Il giovane esce dall’edificio, respira a pieni polmoni l’aria fredda del tardo pomeriggio e si avvicina alla cappella. Da lì si apre un panorama stupendo sul lago, una di quelle viste che Clara adorava. Stringe in una mano la chiave di violino, dopodiché apre il ciondolo del proprio braccialetto e la infila al suo interno, insieme al suo plettro.
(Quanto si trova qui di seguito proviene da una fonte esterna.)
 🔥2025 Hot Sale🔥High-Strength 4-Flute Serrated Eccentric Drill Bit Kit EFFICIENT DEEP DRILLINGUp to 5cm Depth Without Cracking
La terrà sempre con sé per non dimenticarsi che la sua Clara gli ha dato la possibilità di vivere e che lui dovrà farlo alla grande, per non deludere lei e soprattutto sé stesso.

Angolo dell'Autrice
La sessione invernale è terminata ed io sono finalmente riuscita a terminare questo capitolo, dove incontriamo/riincontriamo (dipende se avete letto anche Ojos de Cielo) un personaggio particolare, cioè quello di Emma. Con i suoi consigli avrà definitivamente riscosso Luca e cancellato i suoi ultimi dubbi? Vedremo. Sicuramente ora il nostro protagonista è alla ricerca di un obiettivo e non può minimamente immaginare dove lo troverà.
Buona lettura e buona settimana a tutti!